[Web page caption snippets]
###

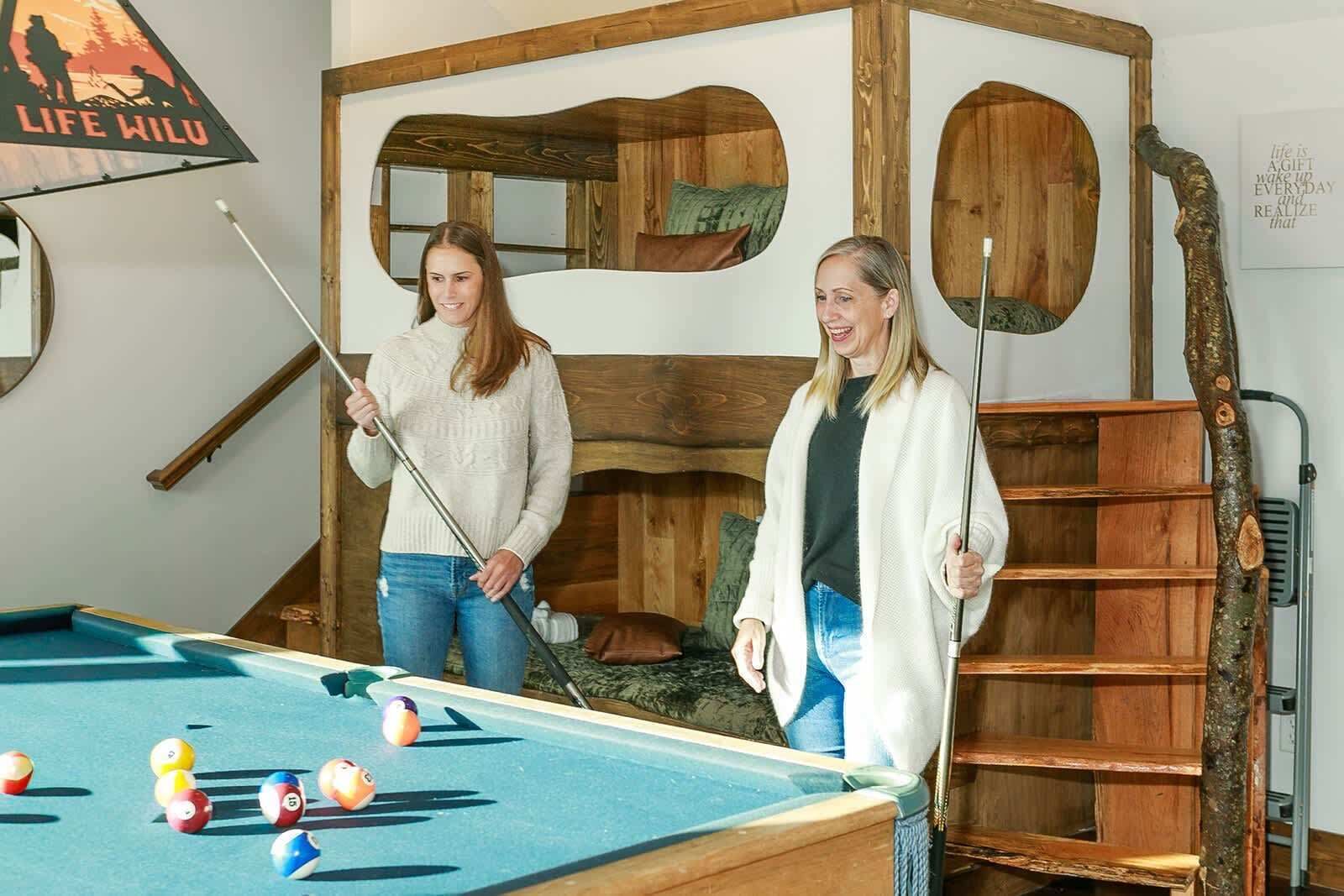 Una mesa de billar con bolas, un cabecero de madera y una escalera.
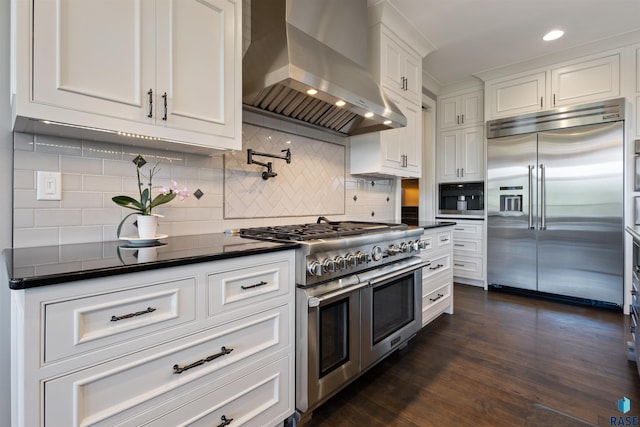 kitchen with tasteful backsplash, high end appliances, dark wood-type flooring, wall chimney range hood, and white cabinetry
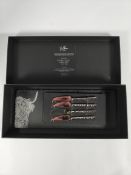 An as new Selbrae Highland Cow set of 4 mini slate cheese boards and knives set, boxed (stock image)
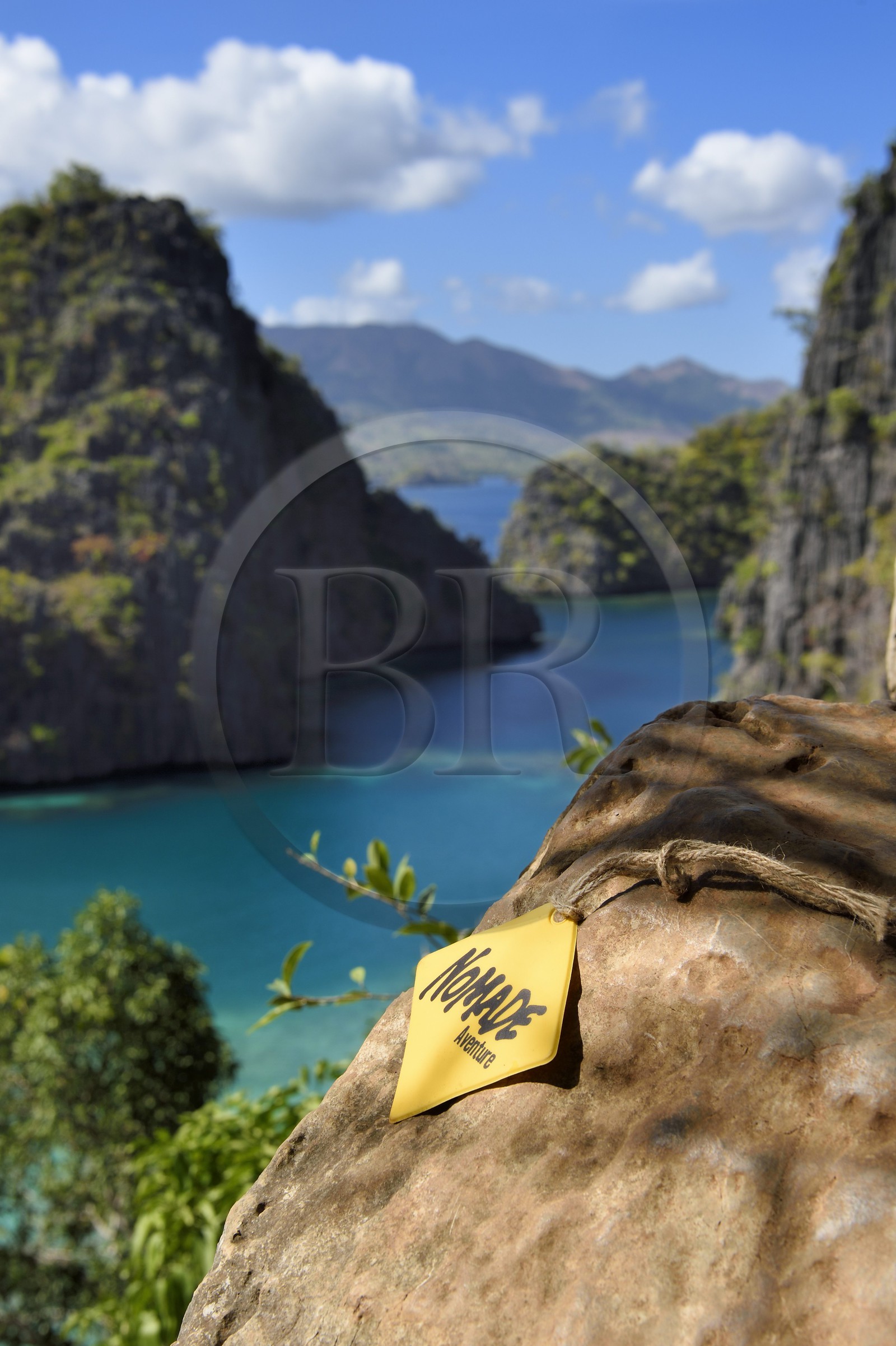 Philippines, Calamian Islands in northern Palawan, Coron Island Natural Biotic Area, lagoon on the way to Kayangan Lake, steep cliffs and Karst rock formations made of Permian limestone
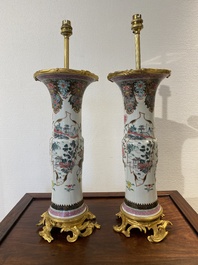 A pair of Chinese famille rose vases with fine gilt bronze lamp mounts, Yongzheng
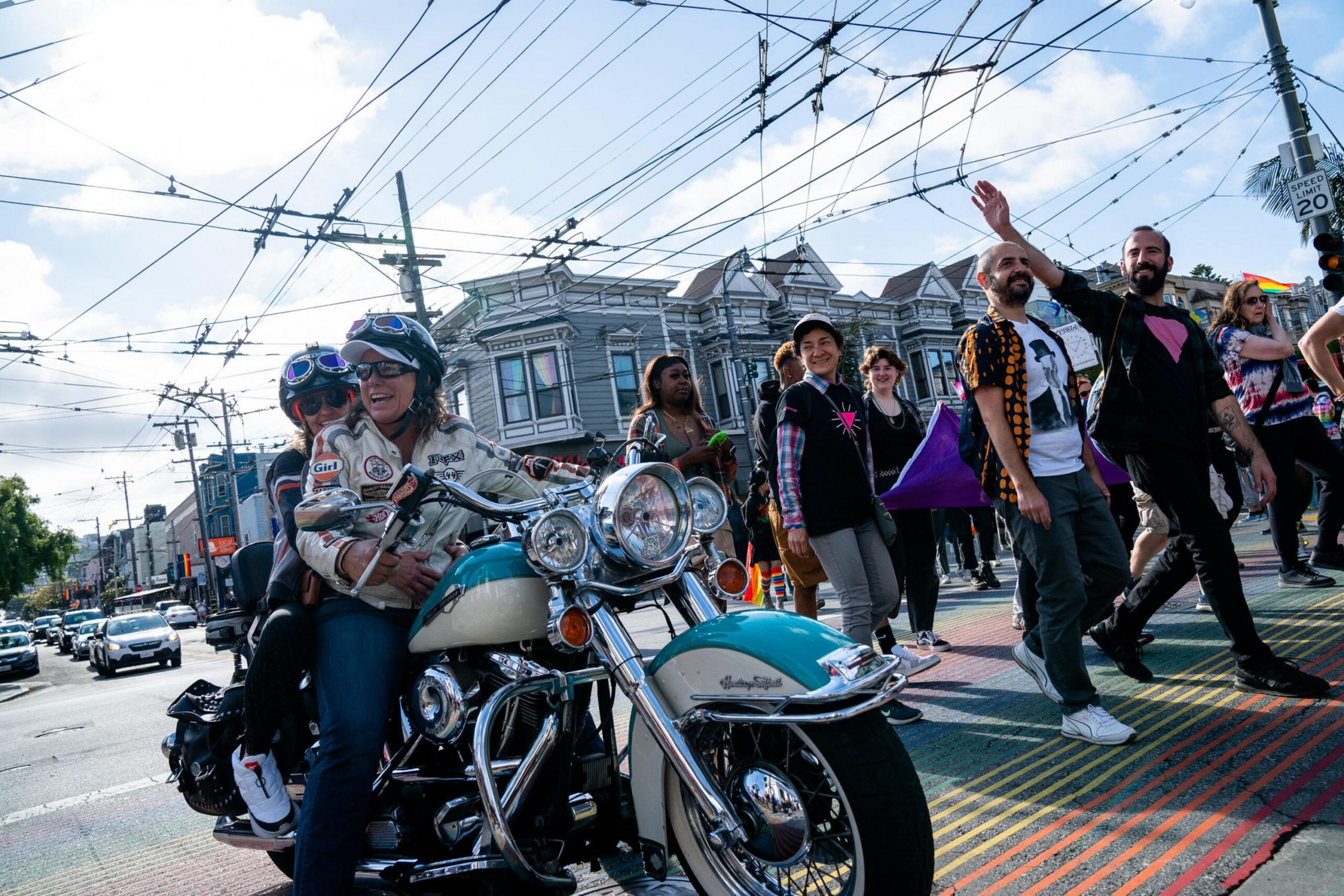 Two people wearing helmets ride a classic motorcycle near a crosswalk with rainbow stripes while diverse pedestrians walk beside them, one waving.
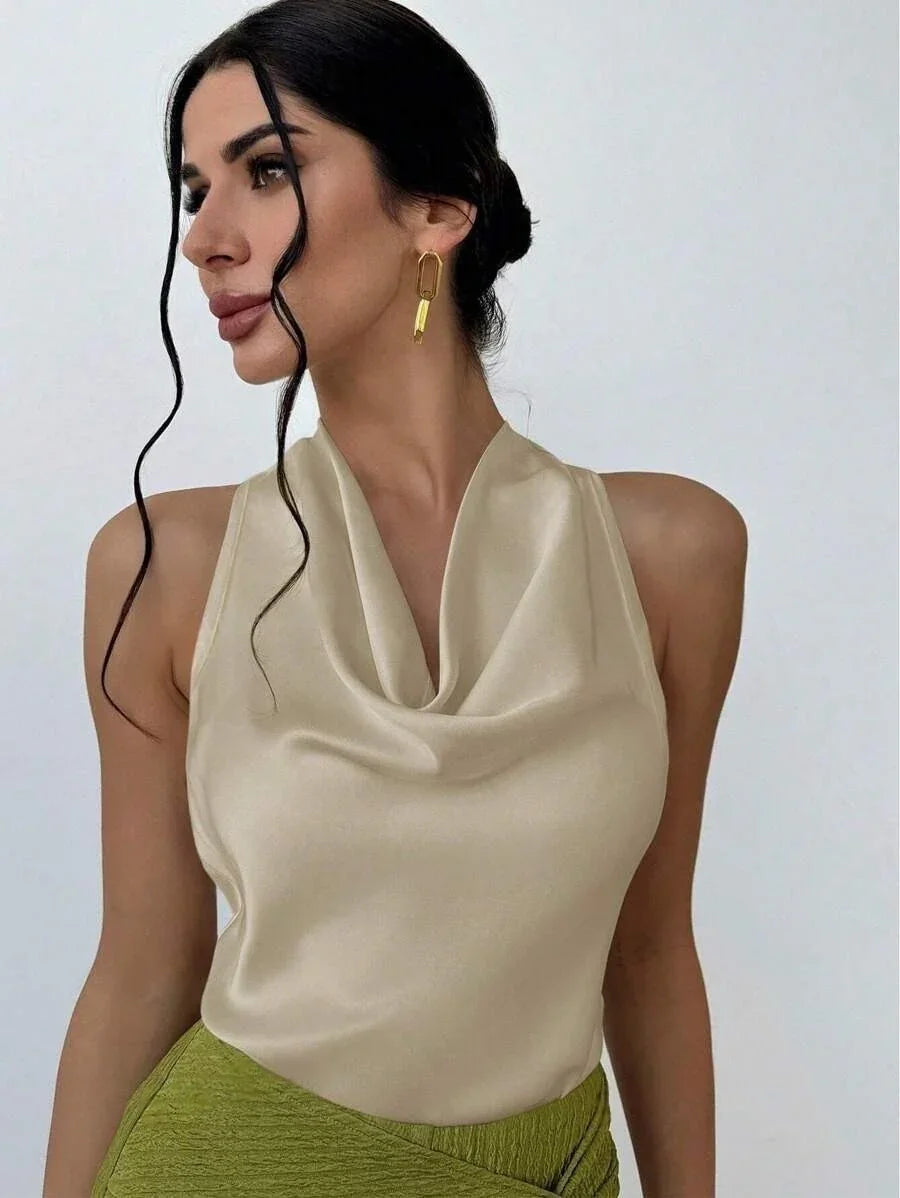 Woman with dark hair in a silky cream sleeveless top and green textured skirt with gold earrings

###

From the line containing "An as new Selbrae" to the last line of the entries, copy every line exactly, including both ends, and leave out the pictures.

TASK OUTPUT:
 An as new Selbrae Highland Cow set of 4 mini slate cheese boards and knives set, boxed (stock image)
 Philippines, Calamian Islands in northern Palawan, Coron Island Natural Biotic Area, lagoon on the way to Kayangan Lake, steep cliffs and Karst rock formations made of Permian limestone
 A pair of Chinese famille rose vases with fine gilt bronze lamp mounts, Yongzheng
 Two people wearing helmets ride a classic motorcycle near a crosswalk with rainbow stripes while diverse pedestrians walk beside them, one waving.
 Woman with dark hair in a silky cream sleeveless top and green textured skirt with gold earrings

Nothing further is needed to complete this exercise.